Causal Debiasing Methods for Ant Group's Marketing Recommendation Scenarios
This article presents Ant Group's research on causal debiasing for recommendation and marketing, covering the background of bias, common bias types, causal graph analysis, two correction approaches—data‑fusion based MDI and back‑door adjustment based DMBR—along with experimental results on public and proprietary datasets and real‑world deployment insights.
The article introduces causal debiasing techniques applied to Ant Group's marketing recommendation scenarios, beginning with an overview of bias generation in closed‑loop recommendation systems and describing three typical biases: selection, exposure, and popularity.
It then explains causal debiasing, illustrating how confounders such as smoking (a common cause) can create spurious associations, and how do‑calculus can be used to remove these false links.
Two main correction methods are detailed:
Data‑fusion based debiasing (MDI model) : a meta‑learning framework that jointly leverages unbiased teacher data and biased data, training in two stages—pre‑training an unbiased teacher model on unbiased data, then iteratively updating a fusion model with weighted samples from both sources. Experiments on Yahoo R3, Coat, and an internal dataset show superior MSE/MAE performance compared to baselines such as IPS, Double‑Robust, and PFDR.
Back‑door adjustment debiasing (DMBR model) : constructs a causal graph for recommendation, identifies back‑door paths (e.g., U‑D‑T‑Y, I‑K‑T‑Y), and cuts them by modeling an unbiased representation T, enabling true causal inference.
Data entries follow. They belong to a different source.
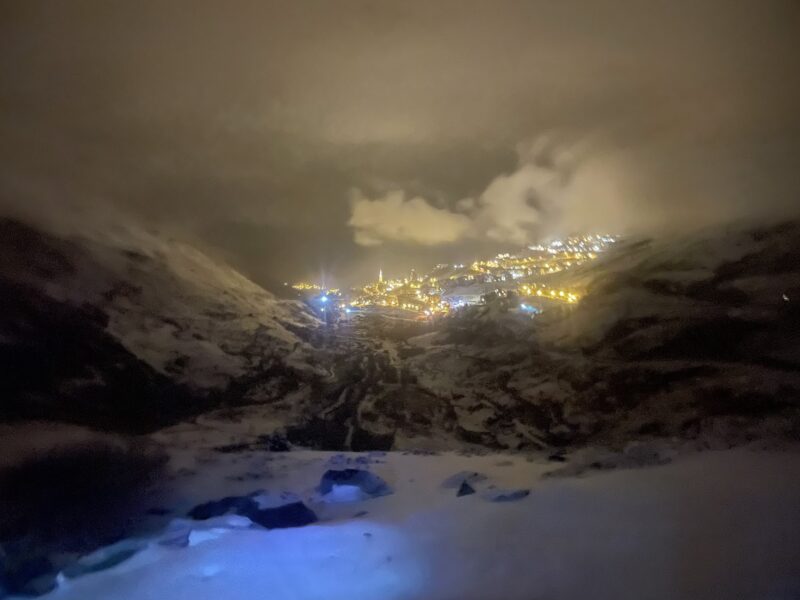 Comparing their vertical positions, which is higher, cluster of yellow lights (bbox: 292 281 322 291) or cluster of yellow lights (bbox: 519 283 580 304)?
cluster of yellow lights (bbox: 292 281 322 291)

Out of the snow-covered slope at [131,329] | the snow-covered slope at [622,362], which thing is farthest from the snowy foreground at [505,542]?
the snow-covered slope at [131,329]

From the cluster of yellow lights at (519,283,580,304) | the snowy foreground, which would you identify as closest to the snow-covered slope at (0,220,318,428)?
the snowy foreground

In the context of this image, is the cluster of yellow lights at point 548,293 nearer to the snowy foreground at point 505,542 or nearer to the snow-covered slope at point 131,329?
the snowy foreground at point 505,542

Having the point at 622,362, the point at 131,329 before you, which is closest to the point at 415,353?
the point at 622,362

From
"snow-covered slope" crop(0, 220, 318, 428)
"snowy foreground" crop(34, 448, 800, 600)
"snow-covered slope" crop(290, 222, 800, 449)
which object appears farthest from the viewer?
"snow-covered slope" crop(290, 222, 800, 449)

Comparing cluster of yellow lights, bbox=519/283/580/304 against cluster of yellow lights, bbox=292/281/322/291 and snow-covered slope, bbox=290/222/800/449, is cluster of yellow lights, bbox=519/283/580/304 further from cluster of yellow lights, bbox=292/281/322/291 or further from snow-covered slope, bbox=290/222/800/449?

Evaluations on Tianchi, 84.51, and a real e‑commerce marketing dataset demonstrate higher AUC and better conversion rates than methods like IPW, Unawareness, FairCo, MACR, PDA, and DecRS.
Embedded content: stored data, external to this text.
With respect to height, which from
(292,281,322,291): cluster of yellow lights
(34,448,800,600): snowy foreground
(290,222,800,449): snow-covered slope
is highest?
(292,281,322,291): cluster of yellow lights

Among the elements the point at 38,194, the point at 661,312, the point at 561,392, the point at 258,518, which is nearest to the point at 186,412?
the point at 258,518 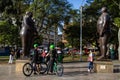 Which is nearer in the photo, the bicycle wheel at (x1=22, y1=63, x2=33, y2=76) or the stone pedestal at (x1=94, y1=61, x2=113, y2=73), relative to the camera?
the bicycle wheel at (x1=22, y1=63, x2=33, y2=76)

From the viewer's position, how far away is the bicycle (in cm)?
2041

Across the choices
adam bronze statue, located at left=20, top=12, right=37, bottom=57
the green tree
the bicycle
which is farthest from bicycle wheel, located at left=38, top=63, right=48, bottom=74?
the green tree

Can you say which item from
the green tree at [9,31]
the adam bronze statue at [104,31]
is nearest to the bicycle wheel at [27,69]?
the adam bronze statue at [104,31]

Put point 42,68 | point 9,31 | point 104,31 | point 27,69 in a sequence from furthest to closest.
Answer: point 9,31 → point 104,31 → point 42,68 → point 27,69

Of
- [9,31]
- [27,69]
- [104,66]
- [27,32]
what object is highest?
[9,31]

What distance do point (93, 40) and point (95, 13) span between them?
6.59m

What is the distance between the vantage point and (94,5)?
63.6m

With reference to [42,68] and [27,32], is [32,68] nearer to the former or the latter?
[42,68]

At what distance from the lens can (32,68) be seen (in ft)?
67.1

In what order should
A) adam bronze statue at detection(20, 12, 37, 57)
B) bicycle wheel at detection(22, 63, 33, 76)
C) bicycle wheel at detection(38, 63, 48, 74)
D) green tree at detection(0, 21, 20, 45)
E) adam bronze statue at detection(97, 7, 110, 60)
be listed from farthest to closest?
green tree at detection(0, 21, 20, 45), adam bronze statue at detection(20, 12, 37, 57), adam bronze statue at detection(97, 7, 110, 60), bicycle wheel at detection(38, 63, 48, 74), bicycle wheel at detection(22, 63, 33, 76)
The paper also discusses ablation studies confirming the necessity of the augmentation module and sensitivity analyses showing robustness across varying proportions of unbiased data.
Finally, practical applications within Ant Group are highlighted, where causal debiasing is employed in advertising and e‑commerce marketing to mitigate rule‑based or strategy‑driven biases, improving coupon redemption rates and overall user experience.
The article concludes with a thank‑you note.